My eyes went wide and my wife recounted the story for me. While playing with our daughter on the bed after feeding her, she saw her stop and sit back while a look of serious concentration passed over her face. We are not unfamiliar with this look, and my wife was not surprised when she heard the accompanying squirt. But it was a bit louder and longer than usual, and she instantly saw the tan liquid oozing out of the diaper’s edge at our little girl’s thigh. It was too late to save the bedspread from getting dirty, but my wife tried to minimize the mess by scooping her up and swooping her across the room to our changing table. Apparently, the smell was atrocious: rotten eggs, old fish, hot chalk. She laid our little stinker on the changing table and pulled her onesie back to find that it had already leaked up the top of the diaper across her back.
She undid the dirty diaper and pulled it down. “Waterlogged” is how she described it to me, although obviously “water” is not the appropriate substance.

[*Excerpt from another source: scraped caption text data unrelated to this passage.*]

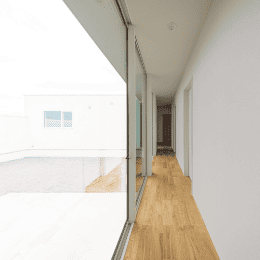 PATIO｜施工事例｜株式会社Kibaco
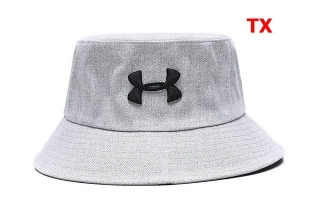 Under Armour Bucket Hat (7)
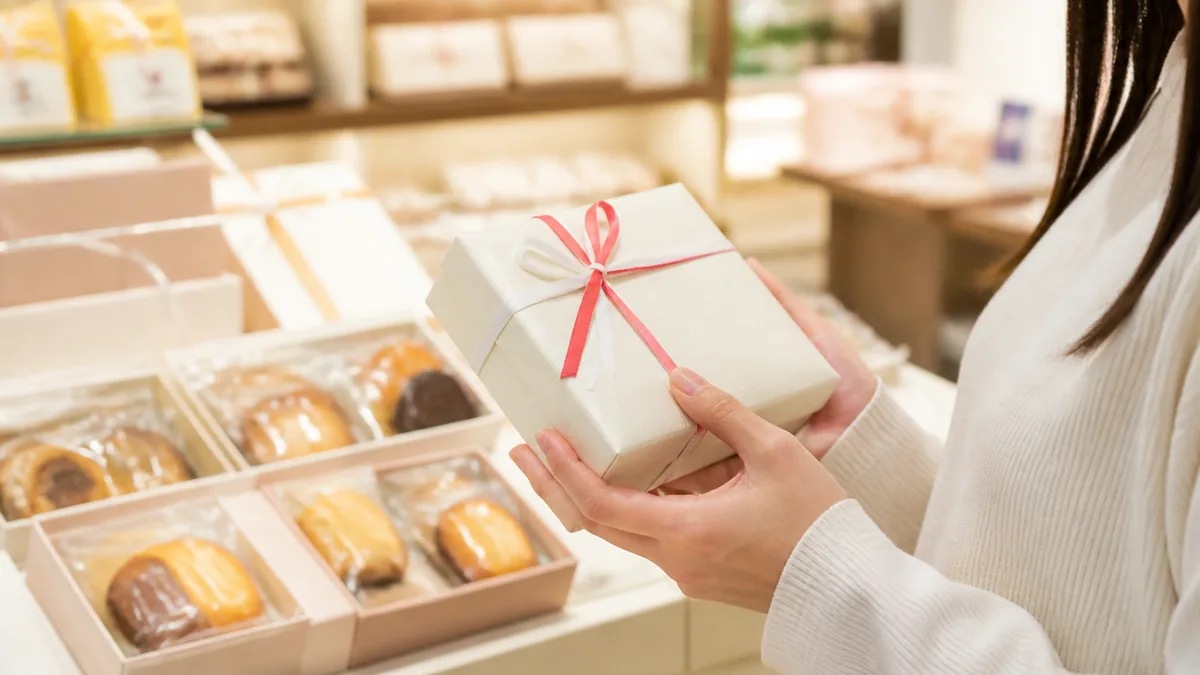 プレゼントを500円以内で選ぶとき、最初にぶつかるのは税込表示の壁の解説画像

But our little girl wasn’t finished. As soon as she was clear of the dirty diaper – well, my wife’s words describe it pretty well: it shot out of her ass.
The stain on the carpet, however, was only about 20% of what was evacuated. My wife blocked the other 80%. This was fortunate for the carpet; not so fortunate for my wife.
If it weren’t for my wife’s instinctual reflexes, she would have blocked every last bit of it. But when a stream of warm poo comes hurtling your way, I dare you to try not dodging it. So my wife screamed and tried to jump away, to no avail, our little girl all the while mildly amused by the spectacle. Several towels were used in the service of wiping down my wife’s arms and our little girl’s entire back and bottom.
Concerned that our little girl might be sick or have a stomach bug, I went back to her daycare bag and pulled out the daily log of activities, which the daycare uses to track every feeding, changing, and nap that occurs during the day. Indeed, this sort of bowel movement had been the norm for the day – five others of its type had been logged with the descriptive note, “very loose.” Other data included: they had had to change her clothes three times due to this very loose attitude her bowels had adopted for the day.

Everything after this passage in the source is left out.